Die Gesellschaft zum Schutz von Bürgerrecht und Menschenwürde e. V. (GBM) beendete am 8. Dezember 2022 mit einer letzten Zusammenkunft in Berlin nach 31 Jahren ihre Tätigkeit. Siegfried Prokop, Historiker und Mitbegründer der einst mehrere tausend Mitglieder in dutzenden Ortsverbänden zählenden Organisation ehemaliger DDR-Eliten, erinnerte in einem Vortrag an Geschichte und Auftrag der GBM. (jW)

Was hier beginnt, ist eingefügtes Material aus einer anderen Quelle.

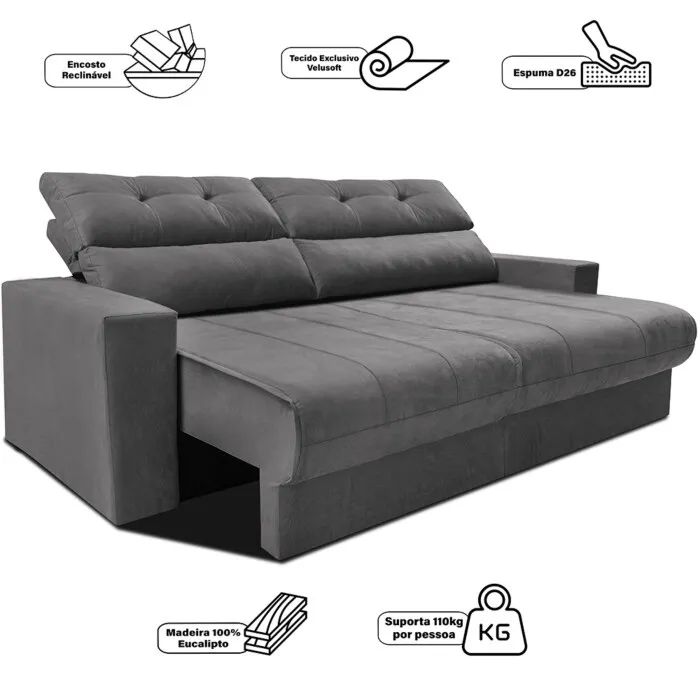 Sofá Retrátil e Reclinável 1.70 [Frete Grátis] - Foto 4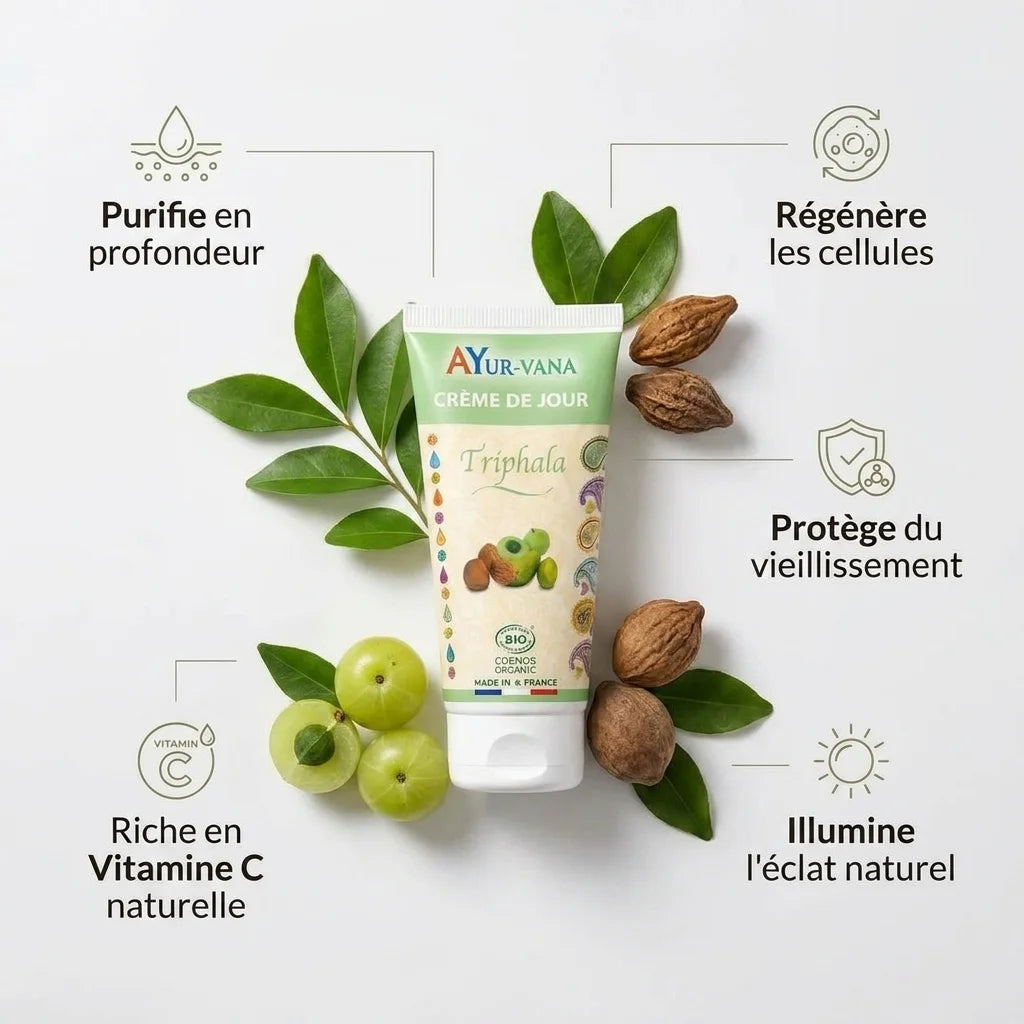 Crème de jour Triphala bio Ayurvana avec fruits amla, bénéfices visage naturels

Mit Datum vom 11. Dezember 1990 findet sich in meinen Tagesnotizen ein Eintrag über ein Gespräch mit dem Politologen Klaus Herrmann aus Montreal: »Er ist entsetzt über die Brutalität der Deutschen unter den Deutschen, die er jetzt hier erlebt. Warum werden so viele Wissenschaftler entlassen?« Am 15. Dezember steht da: »Was soll man in solcher Lage mit den Begriffen ›Universitäts-Autonomie‹ oder ›Rechtsstaatlichkeit‹ anfangen? Hohle Worte im Verständnis der Politiker, die jetzt das Sagen haben.«

Diese Stichworte mögen genügen, um die Erinnerung an die Zeit des Abwicklungsterrors aufzufrischen. Es gab wie in einem Western nur noch das Gut-böse-Schema; tausendfach verstärkt durch die weithin einheitlich argumentierenden, westdominierten Medien.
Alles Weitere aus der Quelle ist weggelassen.